Para Sempre Lilya,
de Lukas Moodysson

Lilja 4-Ever, Suécia/México, 2002


Lukas Moodysson sai do tom doce de seus filmes na Suécia para a árida história de uma adolescente russa abandonada pela família e destinada a uma vida de miséria até que descobre a hipótese da prostutição. Relegada a um inóspito cafofo pela tia malvada, sem nenhum dinheiro ou amigos a não ser um menino que se encontra diante dos mesmos problemas que ela (apanha dos pais, precisa sair de casa), ela tenta uma virada na vida e acaba sendo transformada a sua revelia em prostituta e escrava sexual na Suécia. Sobre En La Puta Vida, espécie de irmão-gêmeo uruguaio, Para Sempre Lilya leva algumas vantagens. Inicialmente pela caracterização da personagem principal, Lilya. Em se tratando de uma adolescente, seguimos com carinho o desamparo da moça de uma família pobre que é abandonada pela mãe (que vai para os Estados Unidos), mesmo que a maneira como o filme mostre as bruscas mudanças na vida da menina como uma montanha russa um pouco hilariante (seqüência por seqüência a mãe vai embora, a tia lhe apresenta o cafofo onde vai morar e lhe toma a casa, falta água e comida, a melhor amiga lhe passa a perna e a faz ser humilhada por todos os outros jovens do bairro...)

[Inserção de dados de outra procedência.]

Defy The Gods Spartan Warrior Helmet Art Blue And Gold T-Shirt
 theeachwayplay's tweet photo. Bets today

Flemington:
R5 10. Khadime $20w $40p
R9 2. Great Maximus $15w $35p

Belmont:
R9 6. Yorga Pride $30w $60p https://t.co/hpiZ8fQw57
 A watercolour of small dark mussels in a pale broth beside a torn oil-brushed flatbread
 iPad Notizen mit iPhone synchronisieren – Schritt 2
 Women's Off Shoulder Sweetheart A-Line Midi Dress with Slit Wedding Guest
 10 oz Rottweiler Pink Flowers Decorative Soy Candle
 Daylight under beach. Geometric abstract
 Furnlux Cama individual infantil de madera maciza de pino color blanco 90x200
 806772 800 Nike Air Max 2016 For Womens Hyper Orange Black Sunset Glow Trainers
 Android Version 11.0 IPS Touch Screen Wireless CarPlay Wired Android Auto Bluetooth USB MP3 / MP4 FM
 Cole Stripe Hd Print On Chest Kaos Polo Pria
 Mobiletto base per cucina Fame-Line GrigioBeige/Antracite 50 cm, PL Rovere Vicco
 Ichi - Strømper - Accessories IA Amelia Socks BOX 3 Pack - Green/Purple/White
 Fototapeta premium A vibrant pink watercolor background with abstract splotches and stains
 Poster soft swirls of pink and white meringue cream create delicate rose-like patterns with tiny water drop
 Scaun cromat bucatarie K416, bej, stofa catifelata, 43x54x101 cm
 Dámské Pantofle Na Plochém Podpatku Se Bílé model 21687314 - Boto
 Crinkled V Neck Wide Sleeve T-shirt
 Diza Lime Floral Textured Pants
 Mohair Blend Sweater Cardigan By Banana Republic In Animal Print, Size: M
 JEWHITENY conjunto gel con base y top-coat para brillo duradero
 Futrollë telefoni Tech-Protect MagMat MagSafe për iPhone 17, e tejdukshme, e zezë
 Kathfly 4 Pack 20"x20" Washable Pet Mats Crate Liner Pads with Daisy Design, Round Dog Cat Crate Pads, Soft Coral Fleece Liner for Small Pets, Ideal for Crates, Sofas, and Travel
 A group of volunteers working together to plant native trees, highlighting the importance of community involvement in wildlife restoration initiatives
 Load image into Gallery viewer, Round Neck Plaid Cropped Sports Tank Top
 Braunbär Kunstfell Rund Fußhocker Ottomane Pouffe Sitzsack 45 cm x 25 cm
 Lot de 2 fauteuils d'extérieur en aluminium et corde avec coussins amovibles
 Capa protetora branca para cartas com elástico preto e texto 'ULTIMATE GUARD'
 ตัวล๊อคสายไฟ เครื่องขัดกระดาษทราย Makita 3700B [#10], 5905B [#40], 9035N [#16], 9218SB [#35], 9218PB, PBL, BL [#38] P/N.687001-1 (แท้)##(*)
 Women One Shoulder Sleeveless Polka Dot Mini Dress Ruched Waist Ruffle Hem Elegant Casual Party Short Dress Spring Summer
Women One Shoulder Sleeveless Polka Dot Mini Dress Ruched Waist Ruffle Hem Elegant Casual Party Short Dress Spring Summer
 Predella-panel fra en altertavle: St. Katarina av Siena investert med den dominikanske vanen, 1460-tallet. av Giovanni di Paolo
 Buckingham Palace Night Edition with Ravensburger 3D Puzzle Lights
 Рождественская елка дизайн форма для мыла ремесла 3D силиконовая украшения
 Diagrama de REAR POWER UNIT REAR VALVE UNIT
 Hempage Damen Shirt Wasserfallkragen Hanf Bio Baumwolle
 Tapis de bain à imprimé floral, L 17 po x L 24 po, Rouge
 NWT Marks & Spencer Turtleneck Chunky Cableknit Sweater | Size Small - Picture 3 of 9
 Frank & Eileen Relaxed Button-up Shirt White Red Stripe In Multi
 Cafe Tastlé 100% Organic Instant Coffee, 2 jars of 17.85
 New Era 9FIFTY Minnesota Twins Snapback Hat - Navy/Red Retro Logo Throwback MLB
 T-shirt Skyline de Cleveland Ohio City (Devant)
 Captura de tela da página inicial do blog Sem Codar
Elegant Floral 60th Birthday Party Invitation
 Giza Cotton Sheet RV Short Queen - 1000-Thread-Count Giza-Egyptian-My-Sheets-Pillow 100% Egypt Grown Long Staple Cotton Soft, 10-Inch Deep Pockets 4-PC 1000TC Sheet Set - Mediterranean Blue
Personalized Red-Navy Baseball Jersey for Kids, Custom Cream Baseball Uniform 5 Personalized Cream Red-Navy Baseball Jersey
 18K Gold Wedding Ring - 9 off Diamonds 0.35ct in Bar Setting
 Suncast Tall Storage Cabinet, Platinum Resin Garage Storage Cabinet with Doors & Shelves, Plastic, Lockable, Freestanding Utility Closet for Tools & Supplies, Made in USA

A segunda parte do filme é de longe a mais tocante e convincente. Tentando reconstruir aos poucos seu mundo com o que lhe resta, Moodysson prefere privilegiar não a humilhação que é a iniciação como prostituta, mas antes a felicidade da menina depois de conseguir dinheiro para sustentar sozinha a si e a seu amigo. Nesse momento, a atriz Oksana Akinshina, bonita e indefesa, cola no coração do espectador. A fase seguinte do filme quase desabona a segunda. Na boate, Lilya encontra um jovem sueco bem-sucedido que quer tirá-la da prostituição e arranjar-lhe um emprego em seu país, mas para isso ela deve deixar seu amigo, sob a promessa de vir buscá-lo depois. Em cima do muro, o filme não mostra nem o temor da menina pela opção que faz (afinal, estará tomando a mesma decisão que sua mãe, antes dela) nem recoloca a personagem em perspectiva de heroína trágica, que cede à hybris e prova as conseqüências dela. Jovem prostituída, sem qualquer documento de identidade num país desconhecido, sem qualquer um que lhe ajude (o namorado, conhecemos a história, "tornou-se" o assistente do chefe de uma funcional máquina de escravas sexuais). A partir daí a moça será estuprada, espancada, mas o filme permanece sempre sem assumir um ponto de vista subjetivo sobre o assunto (sou uma menina sem capacidade ainda de decisão, tenham pena de mim) ou objetivo (tomei minha decisão, escolhi errado, agora entendo minha mãe). Tentando captar das duas opções apenas o melhor que elas têm a dar, Para Sempre Lilya acaba redundando no drama barato, sem real dedicação a seu personagem ou a uma criação verossímil de ambiente.